Sequential Percent Changes
Sometimes a value might increase or/and decrease by multiple percents in sequential form. e.g A might increase by x% and then decreased by y% sequentially, what will be the final value? We will simply multiply the initial value by all the multipliers in succession e.g
(1) An item initially cost $100. At the beginning of the year, the price increased by 30%. After the increase, an employee purchased it with a 30% discount. What price did the employee pay?
m for a 30% increase is 1.3, m for a 30% decrease is 0.7.
Price paid = 100*1.3*0.7 = $91.
(2) At the beginning of the year, the price of an item increased by 30%. After the increase, an employee purchased it with a 40% discount. The price the employee paid was what percent below the original price?
m for a 30% increase is 1.3, m for 40% decrease is 0.6.
Total of multipliers is 1.3*0.6 = 0.78 = 1 – 0.22(22%).
That’s a total 22% decrease below the original price.
(3) The price of the stock increased by 20% in January, dropped by 50% in February and increased by 40% in March. Find the percent change for the 3-month period.

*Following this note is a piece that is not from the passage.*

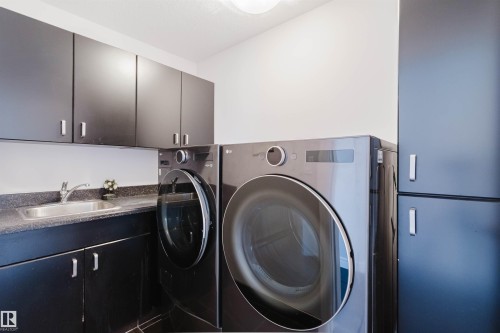 Laundry area featuring dark cabinetry, a countertop with an integrated sink, and modern appliances - 3438 West Landing Landing, Edmonton, AB 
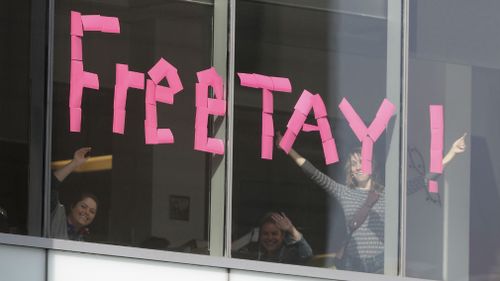 Workers put up sign in support of pop singer Taylor Swift in an office building across the street from the federal courthouse in Denver. (AAP)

Using all the multipliers, 1.2*0.5*1.4 = 0.84 = 1 – 0.16
Percent change is 16% decrease.
Working with Ratios
Percents and Ratios
Percents and ratios tell us the same type of information. Both of them tell us about fractions in a whole but without the actual information or numbers, they tell us nothing about absolute values.
For example, the 2 statements below are the same:
- 20% of employees are programmers, while the remaining 80% are customer service personnel(CSP).

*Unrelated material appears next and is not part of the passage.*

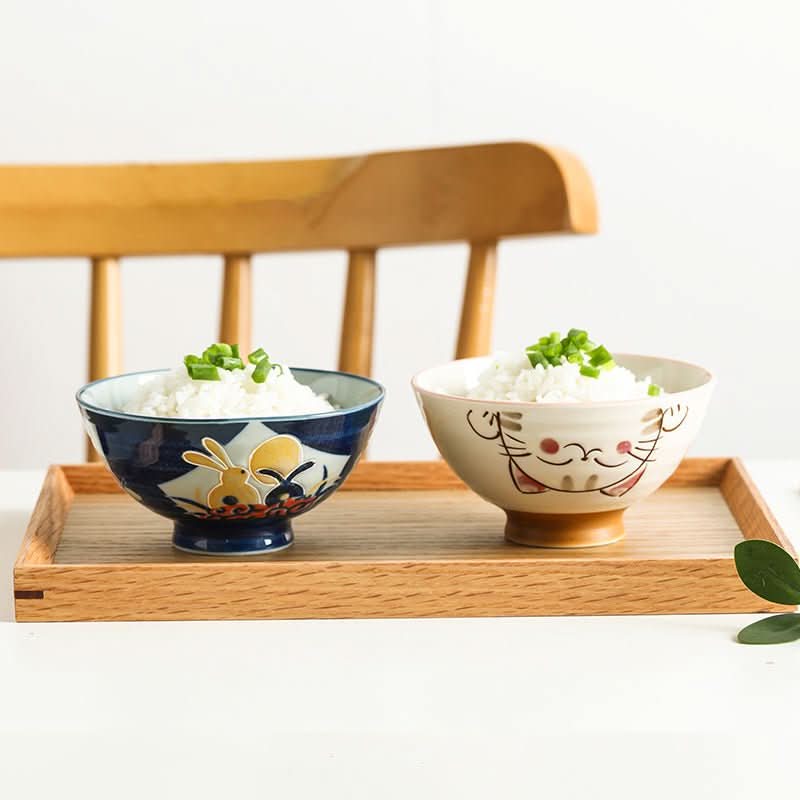 Japanese bowls with rabbit & cat illustrations, filled with rice. Home decor.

- The ratio of CSP to programmers is 4:1.
But neither allows us to know the actual numbers of employees or programmers or CSPs.
Ratios are represented in the following forms
- a to b form: e.g ratio of male to female is 5 to 6.

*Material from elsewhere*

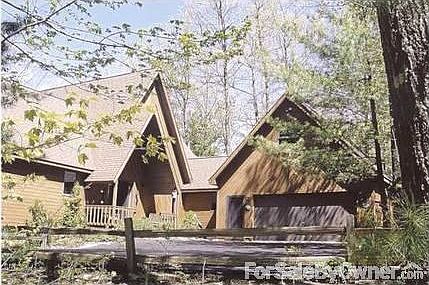 Front view with 2-car garage and loft
						:
						House sits on wooded 0.51-acre lot in private sub, across from wooded parcel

- fraction form: e.g ratio of male to female is 5/6.
- colon form: e.g ratio of male to female is 5:6.
- idiom form: e.g For every 5 males, there are 6 females.
Sometimes we have to relate ratios between different subgroups in a collection together. We might be given separate ratios and we will have to relate them together to the whole or to absolute quantities.
We can combine ratios when we are given 2 or more separate ratios within a large group.
One way to approach this is to find equivalent fractions for each ratio so that the common term comes to be represented by the same number in both ratios.
Let’s see this in some examples:
(1) A certain high school team has only sophomores, juniors and seniors. The ratio of sophomores to juniors is 2:3 and ratio of juniors to seniors is 5:6. Sophomores are what fraction of the whole team?
Notice here that
Sophomores(So) to Juniors(Jr) ratio is 2:3 -> So:Jr = 2:3
Juniors(Jr) to Seniors(Sr) ratio is 5:6 -> Jr:Sr = 5:6
Notice both ratios both have Jr in common, so we can find equivalent fractions that will make both ratios have common Jr terms.
So:Jr = 2:3 = 10:15
Jr:Sr = 5:6 = 15:18
So the combined ratio So:Jr:Sr = 10:15:18
Whole = 10+15+18 = 43
So:Whole = 10/43
(2) In a certain company, the ratio of programmer to marketers is 3:8, and the ratio of customer sevice reps(CSRs) to marketers is 2:3. If there are 27 programmers, there are how many CSRs?
P:M = 3:8, C:M = 2:3, M is common so we find equivalent terms (essentially finding the LCM of 8 and 3 which is 24)
P:M = 3:8 = 9:24
C:M = 2:3 = 16:24
combined P:C:M = 9:16:24.
Now it’s obvious ratio P:C = 9:16, if there are 27 P(programmers)
27/C = 9/16 -> C = 27*16/9 -> C = 48
CSRs = 48
(3) 1 cup of butter is enough for 8 of Smith’s cookies and 1 cup of sugar is enough for 5 of these cookies. If he used 15 more cups of sugar than butter, how many cookies did he make?
We have cookies(C), butter(B) and sugar(S) in this problem.
B:C = 1:8 = 5:40
S:C = 1:5 = 8:40
B:S:C = 5:8:40
B:S = 5:8
B = S + 15 (15 more cups of sugar than butter), so now we can find S.
(S+15)/S = 5/8 -> 8(S+15) = 5S -> 8S + 8*15 = 5S -> 3S = 8*15
S = 8*15/3 = 40.
From the S:C ratio above S/C = 1/5
40/C = 1/5
C = 40*5 = 200
He made 200 cookies.
In this article, we have discussed Fractions, Decimals, Percents and Ratios and few of their properties.
In the next math module, we will discuss Integer properties.